Firstly, China’s own confidence of its international role relative to others has received a boost. This has resulted partly from the entreaties of western commentators and politicians for China to do something to help save the global economy, even if realistically these have overstated China’s influence. The forthcoming 60th anniversary of the establishment of the People’s Republic of China will be a good opportunity to gauge exactly how the current leadership sees China’s global role.

Secondly, much of the angst over shifts in global economic power was fed by a sense of despair, or even decline, in developed economies. Even if this despair is passing, one effect of the crisis has been to erode the moral authority of the US and others to advise China on its development path.

Thirdly, the crisis has highlighted to the leadership in Beijing the extent of China’s interdependence with the global economy, and particularly its previous dependence on exports to the US and Europe.
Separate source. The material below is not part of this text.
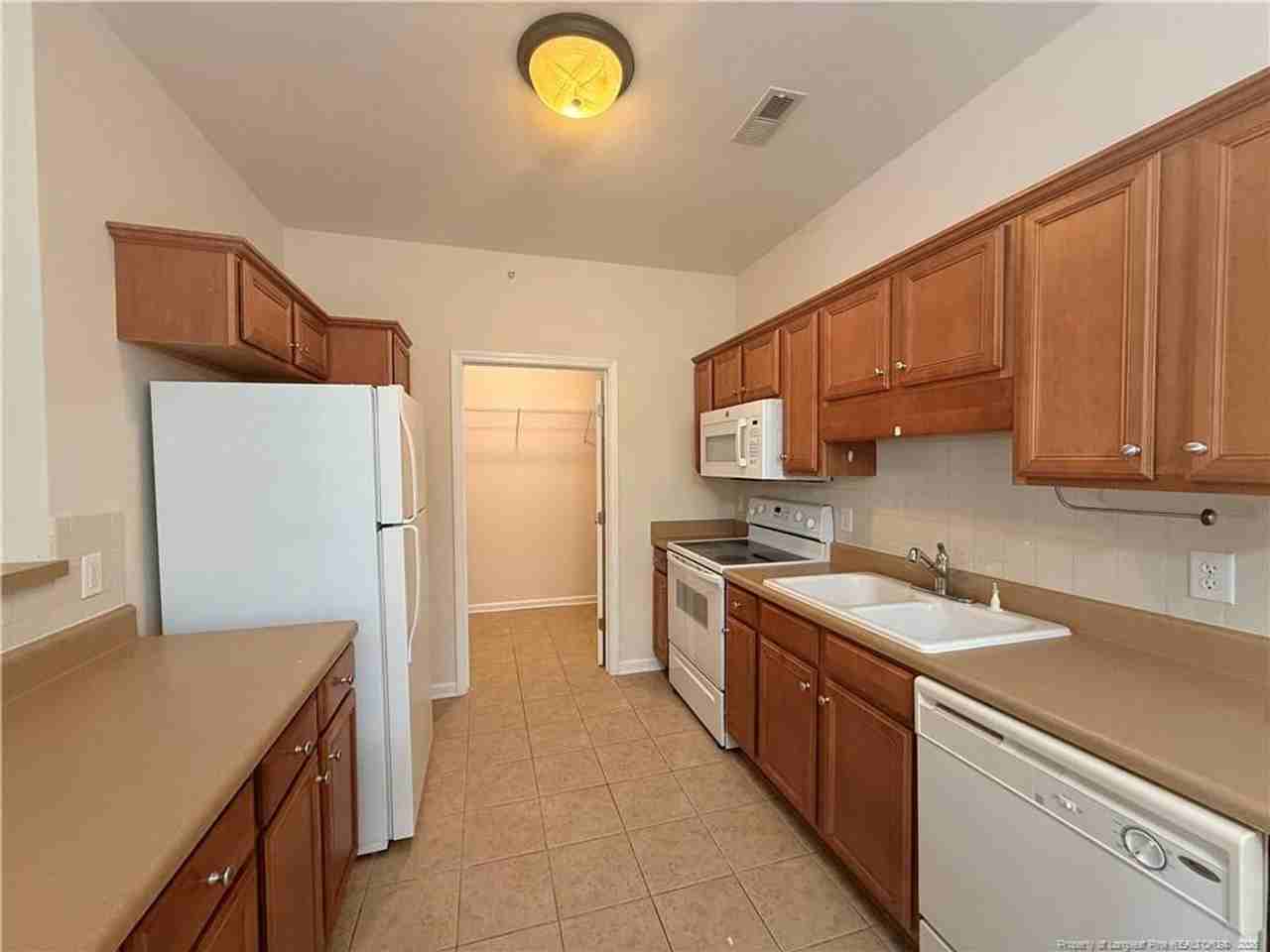 635 Marshtree Ln #306 - Photo 5 of 17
However the crisis has reinforced the desire in China to boost its domestic drivers of growth, although global economic forces also constrain Beijing’s room for manoeuvre. Premier Wen Jiabao’s speech to last week’s World Economic Forum meeting in northeast China outlined the extent to which the Chinese stimulus package was focused on expanding domestic demand, as well as meeting wider political objectives of improving standards of living across the country.

Crucially too, China’s economy appears to have pulled through the crisis in reasonable shape. The shock to its economy was real, and there remains plenty of uncertainty over the sustainability of this year’s stimulus-induced growth. But the historical precedents, such as the recovery from the Asian Financial Crisis of the late 1990s, point Beijing’s way.

Where does this leave the question of shifts in global power? It suggests that the continued emergence of a stronger and more confident China has been hastened by the crisis, and that the evolving relationship between China and the global economy will increasingly be informed by China’s interests.

However, it is also important to recall that shifts in global power could take a number of different forms. While some emphasize the rise of China, others (though not the Chinese government) preserve a role for the still-dominant US by talking up a “G2” which would see Washington and Beijing join hands to lead the world. There has also been talk about a broader re-emergence of East Asia as the centre of the world economy, or even an Asian century (brushing under the carpet the diversity and complexities in Asia, however you define it).

Other emerging and developed economies will also compete for influence as shifts in global economic and political power play out over the coming years. This helps highlight that there is nothing inevitable about changing patterns of power: there is no “when China rules the world”. But current evidence suggests the drift eastwards will be with us for a while yet.

Opinion Asia by Tim Summers. Tim Summers, a former British diplomat is a researcher at the Centre for East Asian Studies, The Chinese University of Hong Kong.

1 comment:

  1. The current stock market rally in the U.S. is a sucker's rally. The market distortions resulting from the 12 year bubble (1995-2007) have yet to self-correct. Housing prices have yet to return to their historic norms, as measured by the Shiller index. Foreclosures are still increasing and commercial real estate still remains way over-valued.

    Much of the current "improvements" in the economy are due to government-induced keynesian stimulus. It does not represent creation of real value.

    I do not expect any recovery until early next year, then a very slow recovery. The U.S. will have sub-normal growth for the next 5 years as things still shake out.

    Do realize there is that huge collection of ship moored just off of Singapore. This indicates the true state of the global recovery.

    The talking head you see on our news channels are full of it, as they always have been. It was delusion that created our bubbles in the first place and it is delusion to believe that we could recover so quickly from a bubble that, in terms of indebtedness, was larger per capta than Japan's bubble of the 80's.